The southern provinces, especially Kandahar and Uruzgan, have seen a sharp increase this year in Taliban attacks.
The latest report of the Afghani-UN Coordination and Monitoring Board (JCMB) on has warned that attacks in war-ravaged Afghanistan are killing four times more people this year.
Days after the 9/11 attacks, the US invaded Afghanistan to topple the Taliban regime and its ally al-Qaeda group.
Five years on, Afghan officials and right activists insist that the West's strategy has proved failure in putting the country on the "path of progress" as promised.
Bad Business
Business has collapsed in Kandahar after a wave of suicide attacks, bomb blasts and assassinations that have struck the Pashtun-majority city this year.
"Lots of people who returned after the fall of the Taliban have in the past months gone back to Pakistan because of the insecurity," said Shafik.
"It's not good for business."
Businessmen are hoping for a return to peace even if it is with those who are responsible for much of the insecurity, Taliban.

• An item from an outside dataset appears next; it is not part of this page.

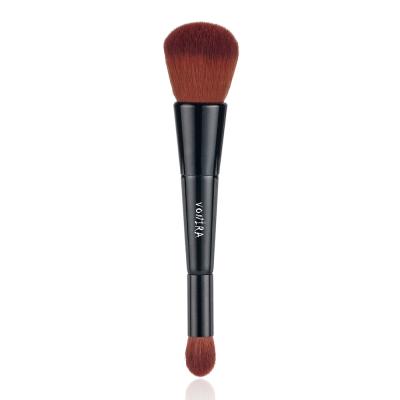 Vonira Beauty Manufacturer Wholesale Classic Double-Ended Multitasker & Concealer Makeup Foundation Brushes With Custom Logo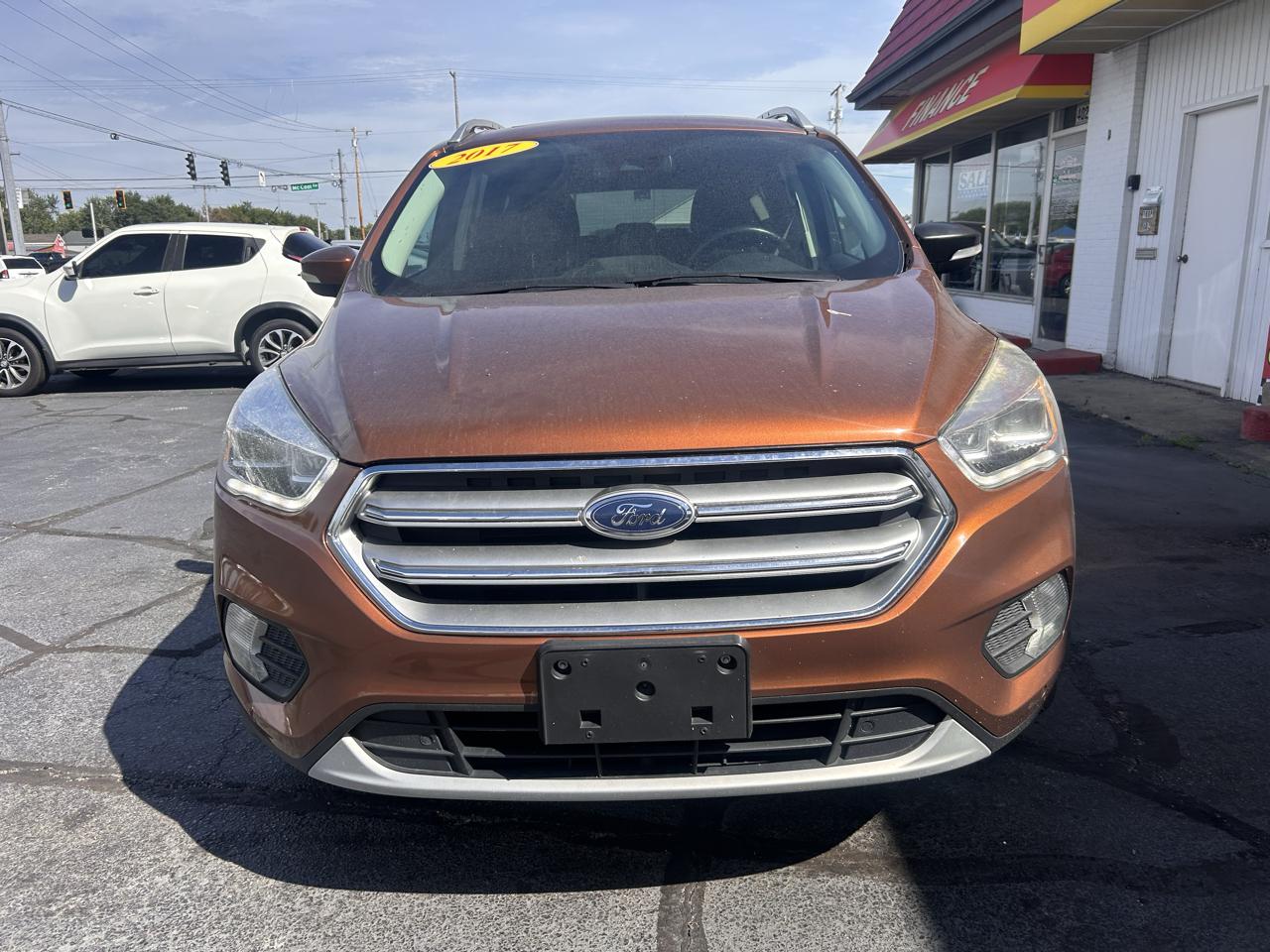 Ford Escape Titanium 4WD 2017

A town of more than 400,000, Kandahar is almost cut off from the rest of the world.
Civilian flights have been suspended and access through road checkpoints is a major risk.
Most of the development projects are crippling as the majority of foreign organizations closed or employing only Afghan staff.
Fearful of abductions and reprisals, Afghans try not to tell anyone where they work.